ASSIGNED TASK: What is needed is a verbatim copy of the data, minus the pictures.

DATA EXCERPT:
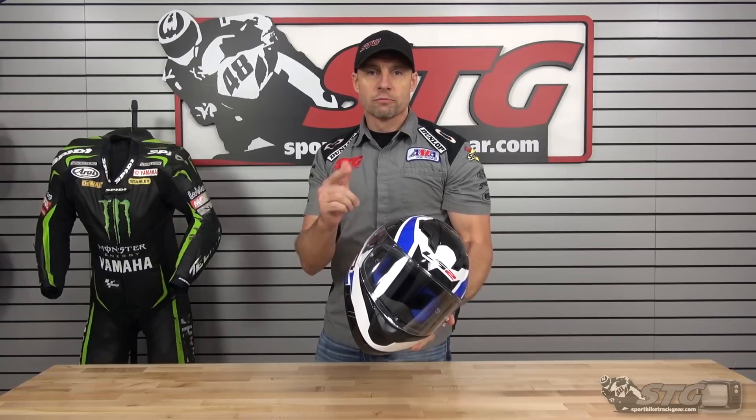I'm Brian Vann from SportBikeTrackGear.com. Today we're going to do a product review on the LS2 Stream Helmet.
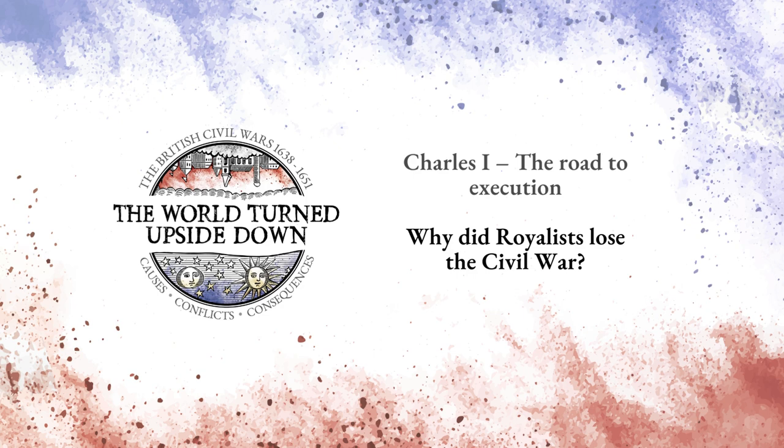Why did the Royalists lose the First Civil War from 1642 to 1646? This is a critical question for those who want to understand the Civil Wars and, as ever, there are no simple, easy answers. But in this programme, Andrew Hopper, Professor in Local and Social History at Oxford University, examines both the well-known and the often-forgotten factors which contributed to the defeat of King Charles and his armies. Prepare to be surprised as Professor Hopper looks beyond the battlefields and generals to stories of treachery, espionage and personal slight.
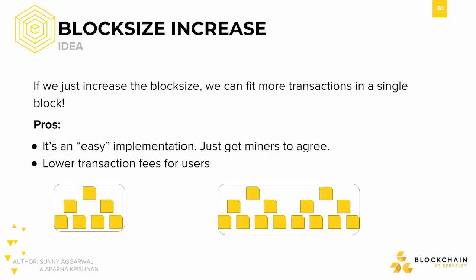Another vertical scaling alternative we can achieve by adjusting system parameters is by increasing block size. The intuition here is that if we can increase the block size, then we can fit more transactions in a single block. This could potentially be an easy implementation, since we would just need all miners to agree on the new standard to adjust the max block size parameter. It could also entail lower transaction fees for users, since with larger blocks and generally a higher transaction throughput, there would be less need for competition for getting your transaction immediately included in the next block.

EXERCISE RESPONSE:
I'm Brian Vann from SportBikeTrackGear.com. Today we're going to do a product review on the LS2 Stream Helmet.
Why did the Royalists lose the First Civil War from 1642 to 1646? This is a critical question for those who want to understand the Civil Wars and, as ever, there are no simple, easy answers. But in this programme, Andrew Hopper, Professor in Local and Social History at Oxford University, examines both the well-known and the often-forgotten factors which contributed to the defeat of King Charles and his armies. Prepare to be surprised as Professor Hopper looks beyond the battlefields and generals to stories of treachery, espionage and personal slight.
Another vertical scaling alternative we can achieve by adjusting system parameters is by increasing block size. The intuition here is that if we can increase the block size, then we can fit more transactions in a single block. This could potentially be an easy implementation, since we would just need all miners to agree on the new standard to adjust the max block size parameter. It could also entail lower transaction fees for users, since with larger blocks and generally a higher transaction throughput, there would be less need for competition for getting your transaction immediately included in the next block.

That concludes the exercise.